■ **TASK TO CARRY OUT**:
The answer is to be the lines of the material from its start through the line containing "Choose a secure", each copied exactly; no pictures.

■ **DATA PROVIDED**:
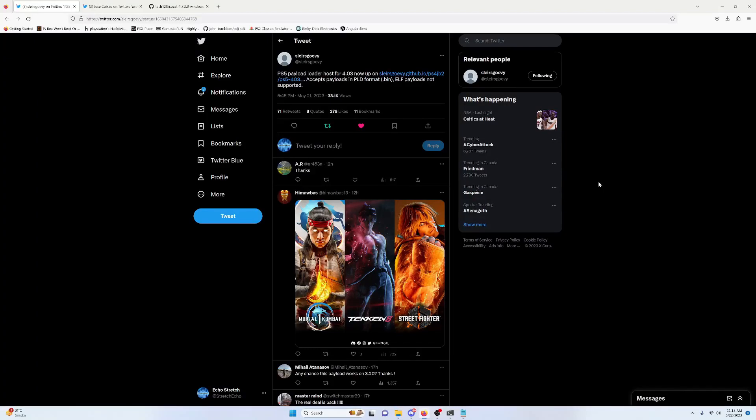Hello and welcome back to the channel, it's Echo Stretch. In this video we're going to go over the PS5 Payload Loader Host for 4.03 by Slurge Grovey.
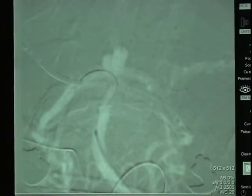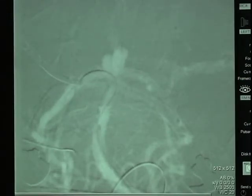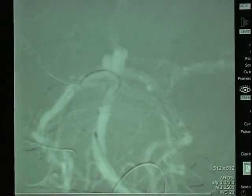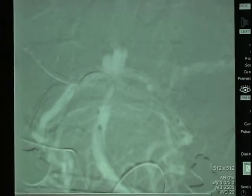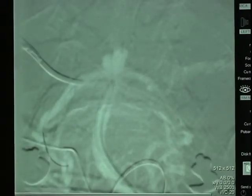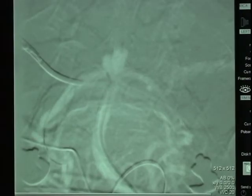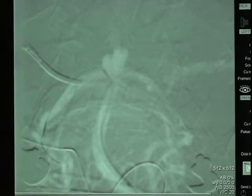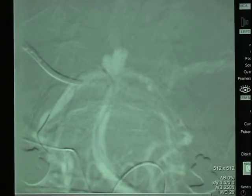Here the wire is advanced out into the right posterior cerebral artery. The second catheter is advanced over the second wire into the right posterior cerebral artery.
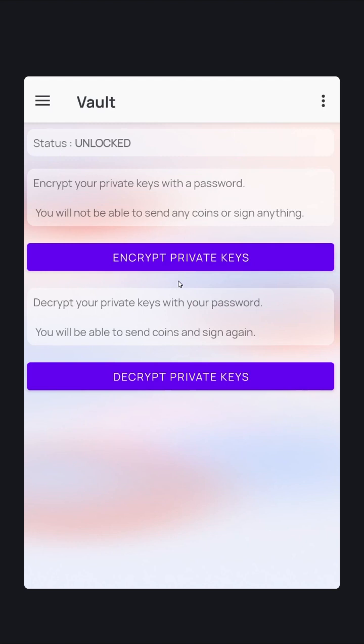Choose a secure password at least 12 characters long, possibly as long as 16 characters. It's very important that you choose a strong password. It's also important that you choose a password that you will not forget.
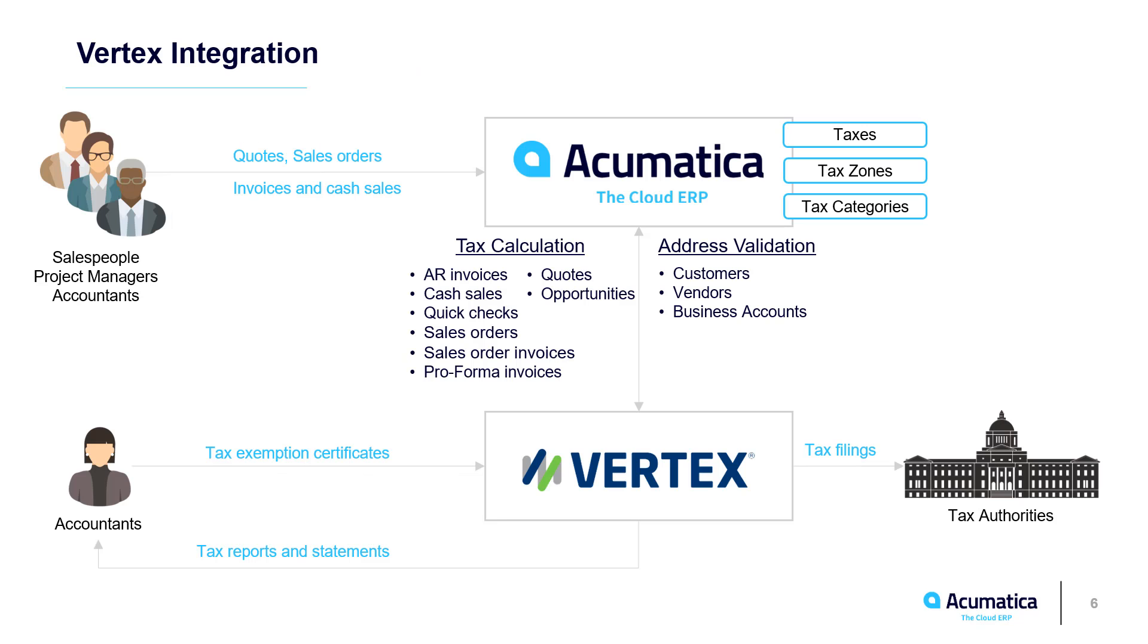Acumatica 2020 R2 includes an integration to the Vertex cloud to perform address validation and tax calculation. The real-time integration allows salespeople to validate addresses and automatically calculates taxes in several documents, including sales orders and quotes.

■ **TASK OUTPUT**:
Hello and welcome back to the channel, it's Echo Stretch. In this video we're going to go over the PS5 Payload Loader Host for 4.03 by Slurge Grovey.
Here the wire is advanced out into the right posterior cerebral artery. The second catheter is advanced over the second wire into the right posterior cerebral artery.
Choose a secure password at least 12 characters long, possibly as long as 16 characters. It's very important that you choose a strong password. It's also important that you choose a password that you will not forget.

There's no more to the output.